Mit Verfügung vom 15. Februar 2010 hat der Präsident der II. öffentlich-rechtlichen Abteilung der Beschwerde aufschiebende Wirkung zuerkannt und das Gesuch um Sistierung des bundesgerichtlichen Verfahrens abgewiesen.
Erwägungen:
1.
1.1 Das Bundesgesetz vom 23. Juni 2000 über die Freizügigkeit der Anwältinnen und Anwälte (Anwaltsgesetz, BGFA; SR 935.61) regelt deren Berufspflichten abschliessend. Es bildet Teil des Bundesverwaltungsrechts, weshalb der - kantonal letztinstanzliche - Verwaltungsgerichtsentscheid betreffend die Entbindung des Beschwerdegegners vom Anwaltsgeheimnis (vgl. Art. 13 Abs. 1 BGFA) entgegen der Rechtsmittelbelehrung im angefochtenen Urteil mit Beschwerde in öffentlich-rechtlichen Angelegenheiten angefochten werden kann (Art. 82 lit. a in Verbindung mit Art. 86 Abs. 1 lit. d und Art. 90 BGG ; vgl. Urteil 2C_508/2007 vom 27. Mai 2008 E. 1.1); die Eingabe ist daher als solche entgegenzunehmen.

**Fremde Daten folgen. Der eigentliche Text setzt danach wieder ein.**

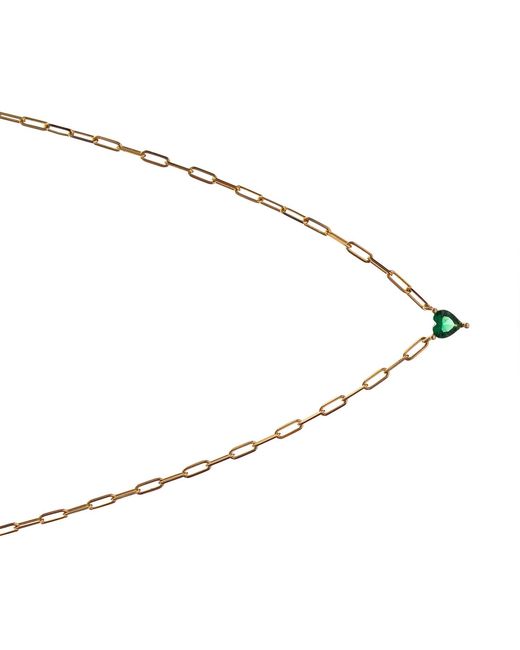 Ebru Jewelry Metallic Emerald Heart Minimalist Necklace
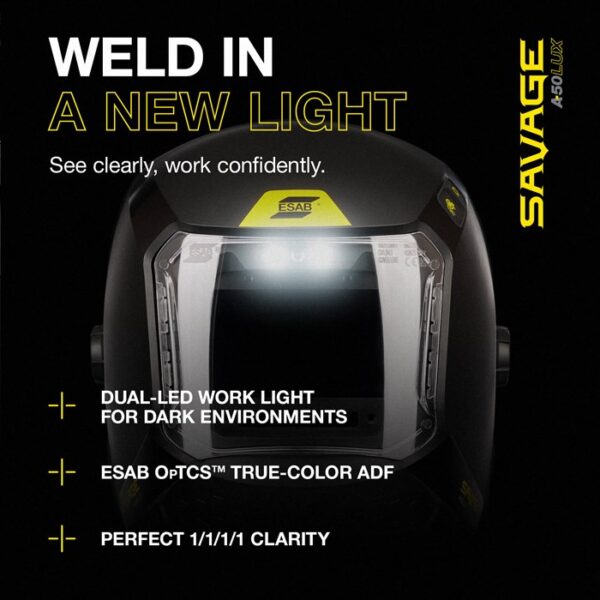 ESAB® Savage™ A50LUX Welding Helmet, Shades 3/5-13 #0700500950 - Image 6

Die Beschwerdeführerin ist nicht zur Beschwerde legitimiert, soweit der angefochtene Entscheid das Disziplinarverfahren gegen den Beschwerdegegner betrifft (BGE 133 II 468; Urteil 2C_122/2009 vom 22. September 2009 E. 3). Weil abgesehen von dieser Einschränkung keiner der Ausschlussgründe von Art. 83 BGG erfüllt ist und der Beschwerdeführerin im Übrigen nach Art. 89 Abs. 1 BGG die Rechtsmittellegitimation zukommt, ist auf die Beschwerde in diesem beschränkten Umfang grundsätzlich einzutreten.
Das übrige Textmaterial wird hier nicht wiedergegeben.